J’ai connu aussi le trop-plein, ce moment où le corps rappelle sa fragilité. Là, le mot hamdoulah a pris toute sa place de sauveur : gratitude pour chaque souffle rendu, pour chaque tension apaisée. J’ai compris que la réussite ne se mesure pas seulement dans les bilans, mais aussi dans la douceur d’un regard tendu à la vie.
Avec Hobbes et Smith, j’ai interrogé mes instincts et mon éthique. J’ai fait le choix du loup fidèle plutôt que du prédateur, j’ai accueilli en moi ce spectateur impartial qui veille en silence : serais-je fier de moi si je me regardais comme un autre ? Ce fut un ancrage moral, discret mais nécessaire. Et j’ai accepté de suspendre, avec un non-article, la tyrannie du rationnel : flotter, dériver, respirer.
Puis, dans la lumière de la fidélité, j’ai marché en blanc à Tétouan, parmi des centaines de dignitaires. Ce n’était pas seulement un honneur personnel, mais un souffle collectif, un pacte ancien renouvelé. Je l’ai dédié à ma fille, aux jeunes, à mes collègues et à mes partenaires. Ce fut un rappel : la fidélité n’est pas contrainte, elle est racine et elle est à soi-même.
Début août, j’ai ri de moi-même avec un Curriculum Vite Fait, fait d’arnaques involontaires et de mesures de fin de mois. J’ai compris que nos vrais diplômes peuvent être mesurés à la taille de nos cicatrices, mais aussi dans les fidélités tenues et les nuits blanches traversées. Et avec Picasso, Nietzsche, Sénèque, j’ai découvert que la jeunesse n’est pas derrière nous : elle est à retrouver, légère, après la tempête.

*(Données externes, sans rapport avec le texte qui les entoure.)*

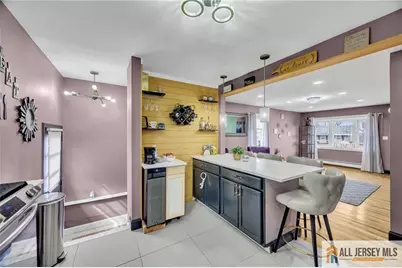 165 Crescent Avenue, Woodbridge Township, NJ 07095 - Photo 8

Et puis il y eut le Japon. Tokyo et ses foules disciplinées, Osaka et ses excès gourmands, Kyoto et ses temples silencieux, Fuji la pudique qui se cache pour mieux se révéler. Là-bas, j’ai vu la justesse d’un geste, la beauté d’une transmission, la dignité d’une fêlure soulignée d’or. J’ai été saisi par le sentiment que vacance et labeur ne sont pas antipodes : ils respirent ensemble, comme inspiration et expiration, contemplation et action. Barthes, que je me suis remis à relire, me souffle à nouveau que la tragédie de l’amoureux est l’attente d’un signe ; moi, j’ai tranché, cette décision que j’appréhendais après le périple nippon : entreprendre mon amour pour la vie ; et, chemin faisant, réanimer mon amour d’entreprendre. Non plus entreprendre pour combler un vide, ni pour répondre à une attente, mais entreprendre avec Purpose : avec la conviction intime que chaque projet, chaque geste, chaque alliance peut devenir une manière d’aimer, de donner sens, et de faire de nos labeurs une fête partagée.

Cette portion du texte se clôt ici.